Preference for US stocks
Michael Blümke favors a specific regional area for his portfolio for the coming weeks/months : “For some time now, we have limited the selection for our equity portfolio exclusively to US stocks. In principle, this approach is questioned on a continuous basis, but despite the current "renaissance" of stocks from the Europe and Asia, there is still no reason to deviate from it. Especially if one considers that the underperformance of the American benchmark index has been caused mainly by the megacaps and their weighting in the index. We continue to focus on large American stocks with a convincing market position.”

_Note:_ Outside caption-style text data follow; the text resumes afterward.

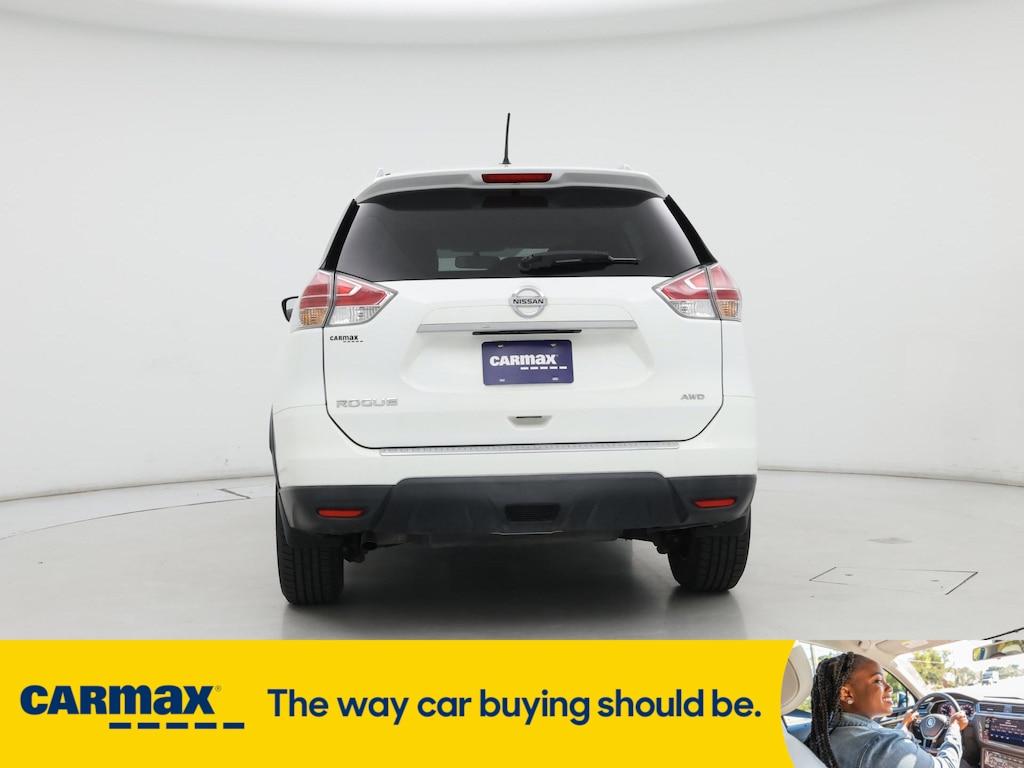 used 2016 Nissan Rogue car, priced at $18,998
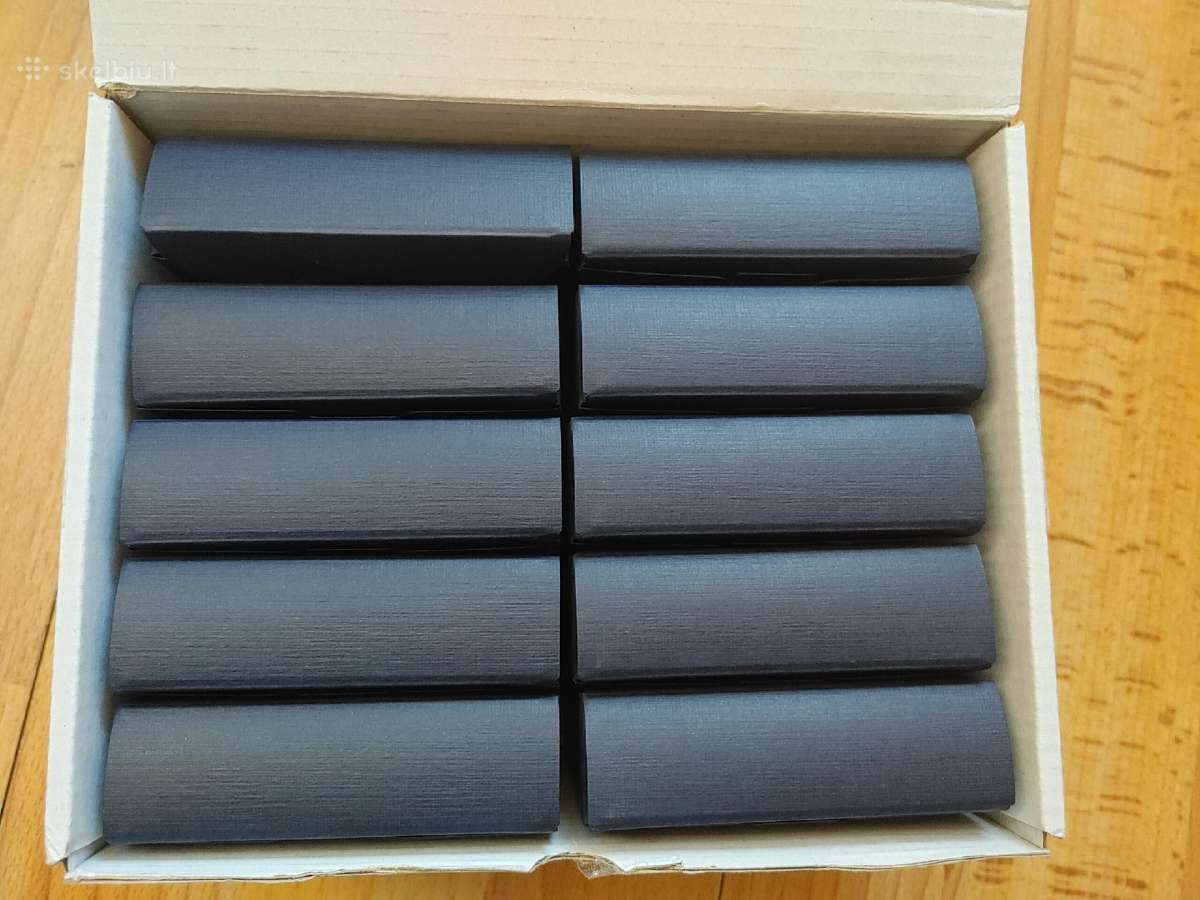 Lietuvos Banko dėžutė (50lt 20€) tuščios - nuotraukos Nr. 2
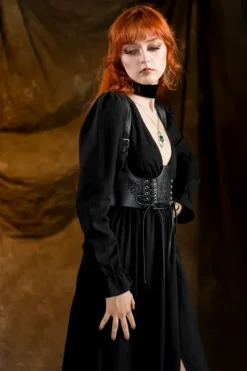 POISONED PETAL sukienka midi-Restyle Sale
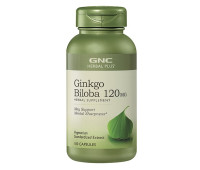 GNC Ginkgo Biloba Plus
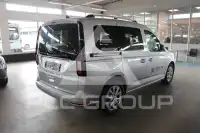 2025 Ford Tourneo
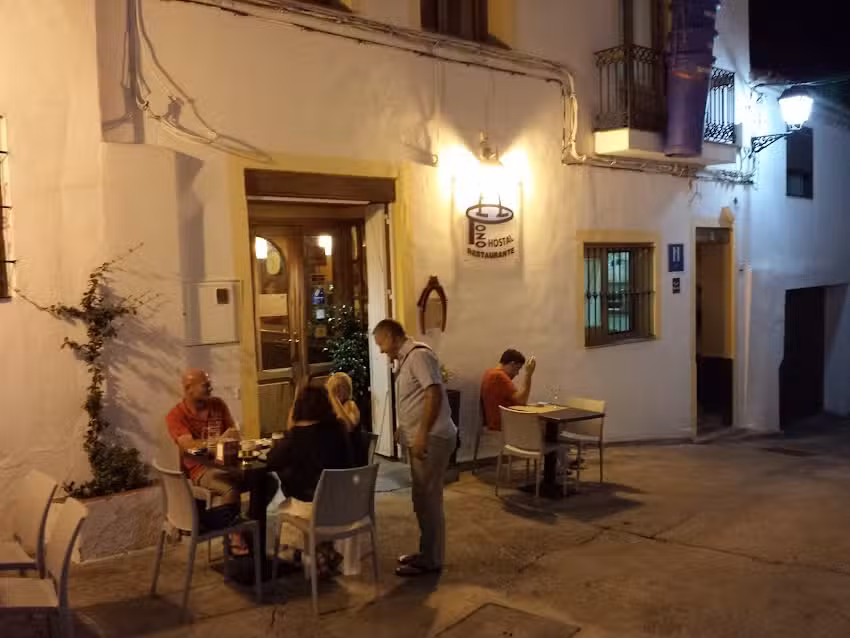 El Pozo Hostal Restaurante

Could dividend stocks be a good option in the Ethna-AKTIV portfolio? “Our equity portfolio is a high-quality reflection of the US benchmark index,” says Michael Blümke. “By focusing on high-dividend stocks, we would enter into a style and sector bias, which we do not want. Even if these stocks perform very well in crisis years (such as 2022), they are not as strong in growth in the long term and our approach of being able to hedge the base portfolio with index derivatives at any time without too much base risk would no longer be feasible.”
Flexibility and patience
“Although the overall strategic equity market evaluation has improved since the beginning of 2023, it is still not good,” says Christian Schmitt, Senior Portfolio Manager of Ethenea’s Ethna-DYNAMISCH fund. The current reporting season shows that the economic risks are only slowly materializing. With falling profit expectations and the recent rise in equity prices, valuations – especially in the USA – have increased again significantly.
“We therefore assume that the rally has already gone most of its way. Our bottom-up perspective confirms this view: currently, no particularly attractive entry opportunities are crystallizing in individual single stocks. From a tactical perspective, we are therefore more inclined to reduce the net equity exposure again. Flexibility and patience continue to be important attributes for us.”